Villa of the Mysteries Mural Cycle in Twentieth-Century Watercolor by Maria Barosso (KM 2000.2.1 - 7)
Born on August 21, 1879, Maria Barosso was a native of Turin in Northern Italy. She was trained as an artist at the prestigious Accademia Albertina in that city, from which she received her degree with honors. For a time after that she was appointed instructor of drawing in the public schools. Moving to Rome, she became the head of drawings for the Superintendency of Monuments for Rome and Lazio.
The Centerpiece of the present exhibition
is a series of twentieth-century watercolor panels that represent the famous
ancient fresco from the house at Pompeii now known as the Villa of the
Mysteries. These invaluable copies of the Pompeian painting were
commissioned and brought to the University of Michigan through the resourcefulness
and foresight of Francis Willey Kelsey, Professor of Latin Language and
Literature at the University of Michigan from 1889 until 1927.

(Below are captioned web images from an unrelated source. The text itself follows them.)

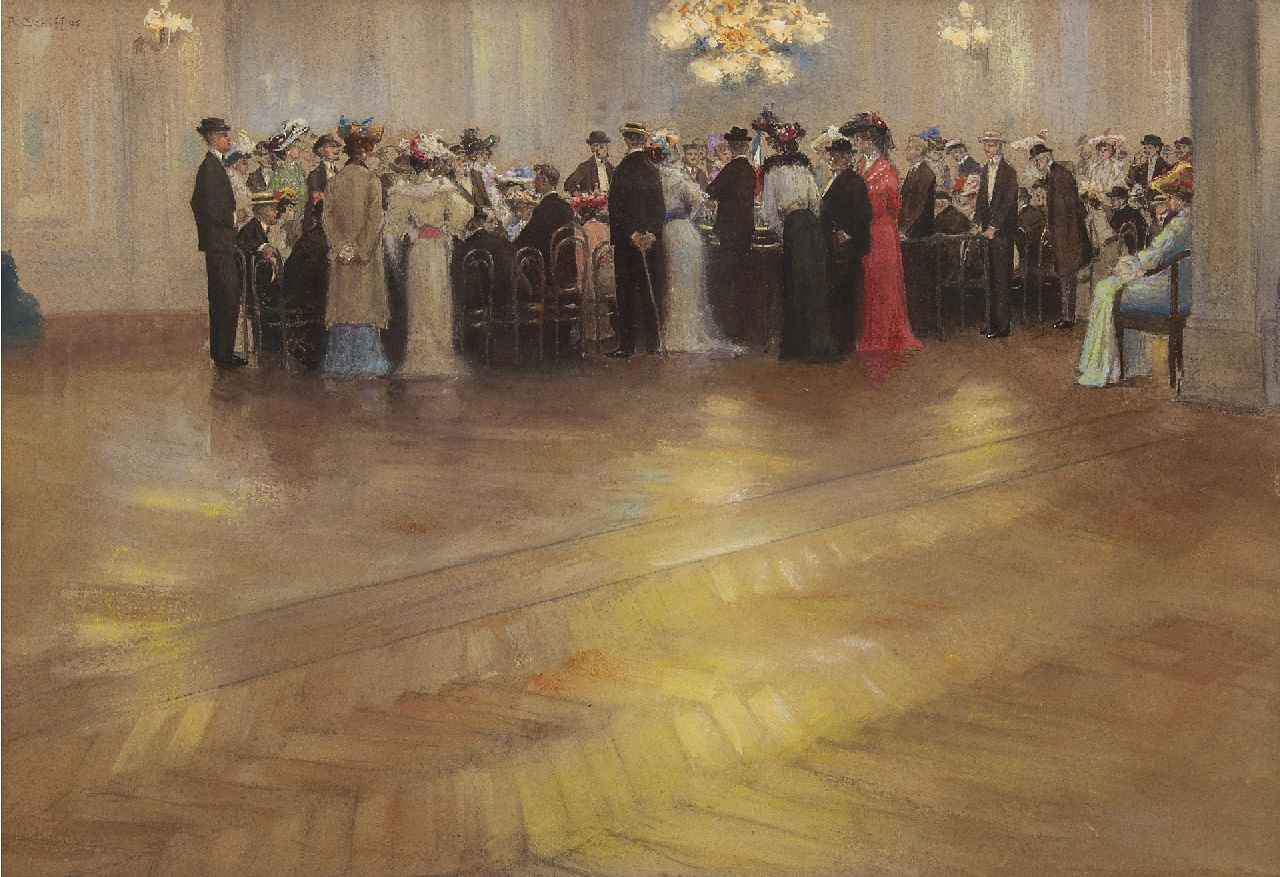 Robert Schiff | Im Casino, Pastell und Aquarell auf Holzfaser, 35,9 x 52,0 cm, Unterzeichnet o.l. und datiert '05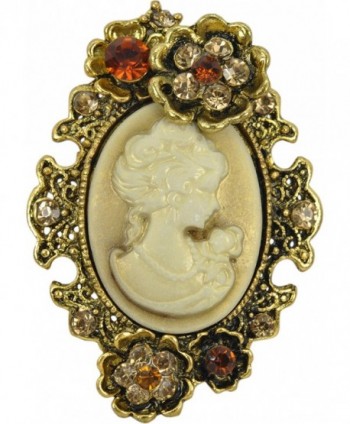 Gyn&Joy Old Style Cameo Lady Maiden Flower Crystal Rhinestone Pin Brooch BZ004 - C217Z39ZARW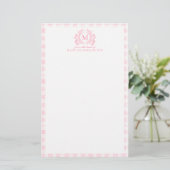 Blush Pink Gingham Floral Crest Monogram Briefpapier (Staand voorkant)
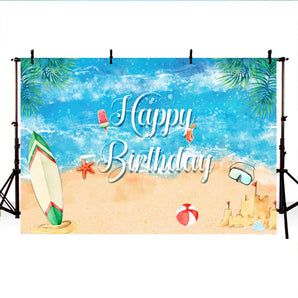 Mocsicka Summer Beach Blue Sea Happy Birthday Backdrop Custom Newborn Background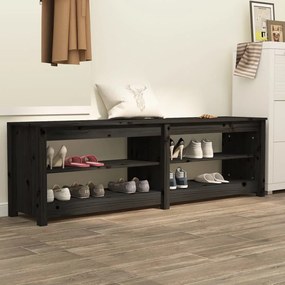 821728 vidaXL Banco sapateira 160x36,5x50 cm pinho maciço preto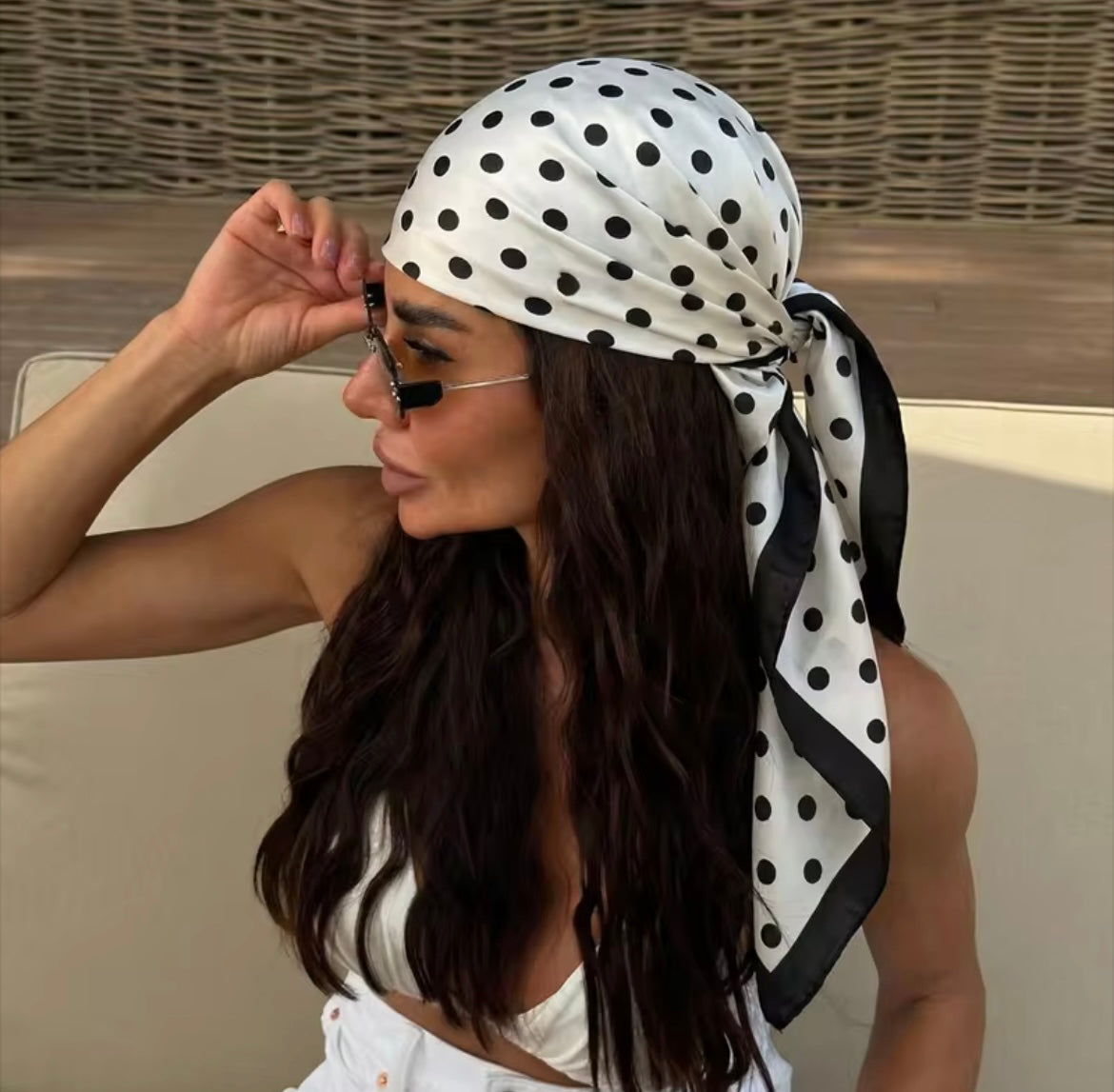 Polka Dot Satin Bandana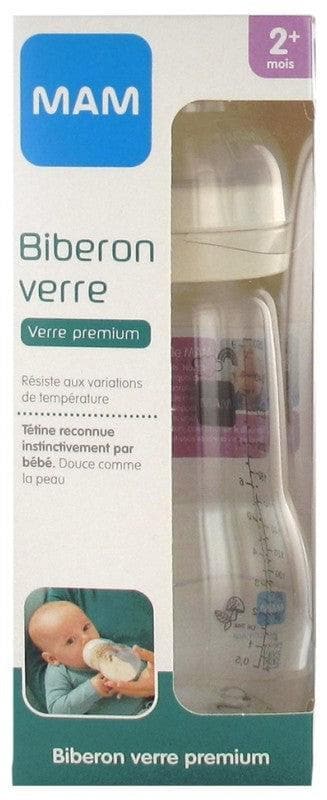 MAM Biberon Verre 260 ml Tétine Silk 2 Mois et +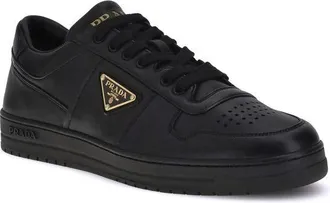 Prada Mens Black Calf Leather Bos Taurus Low Top Sneakers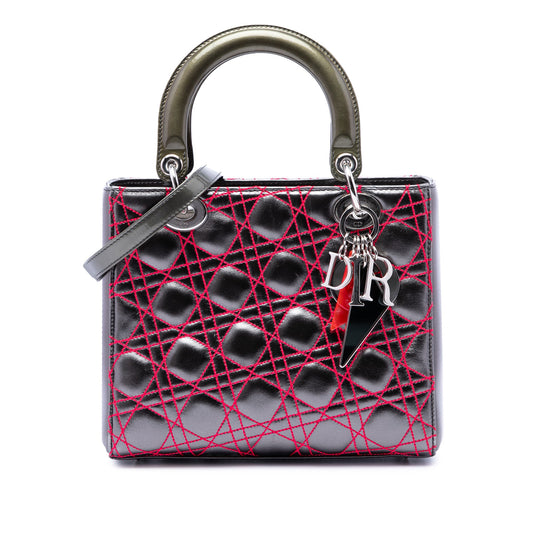 Dior Anselm Reyle Medium Metallic Lambskin Cannage Lady Dior
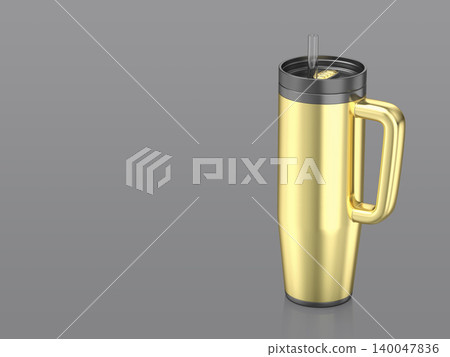 Golden tumbler with straw and handle Golden tumbler with straw and handle 140047836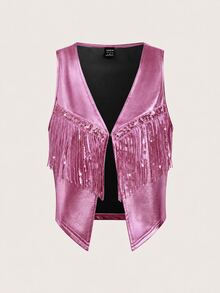 SHEIN Unity Women's Tassel Design Casual Versatile Daily Wear Jacket - Pink - View 7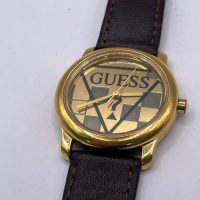Guess Classic Chess Pattern Gold (1990s Vintage)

Kelsey seems to have had a number of motives for commissioning the Barosso
copies of the the paintings in the Villa of the Mysteries. The ancient
frescoes, which had been uncovered for only some fifteen years prior to
Kelsey's commission, gained almost instant fame in archaeological and art
historical circles and were likewise fairly well known to the general public.
Kelsey apparently wished to have faithful copies of the frescoes in order
to make them available for study in the United States. Since the arrival
of the paintings in Ann Arbor, only two panels have ever been exhibited
for the public; some have also been used occasionally for teaching purposes
at the University. Thus, mounted some seventy years after Kelsey's
death, the present exhibition finally achieves Kelsey's purpose in commissioning
the production of accurate copies of the ancient frescoes in the Villa
of the Mysteries.
-- Elizabeth de Grummond, from "Maria Barosso, Francis Kelsey, and the Modern Representation of an Ancient Masterpiece," from Gazda, ed. The Villa of the Mysteries in Pompeii: Ancient Ritual, Modern Muse (Ann Arbor, 2000).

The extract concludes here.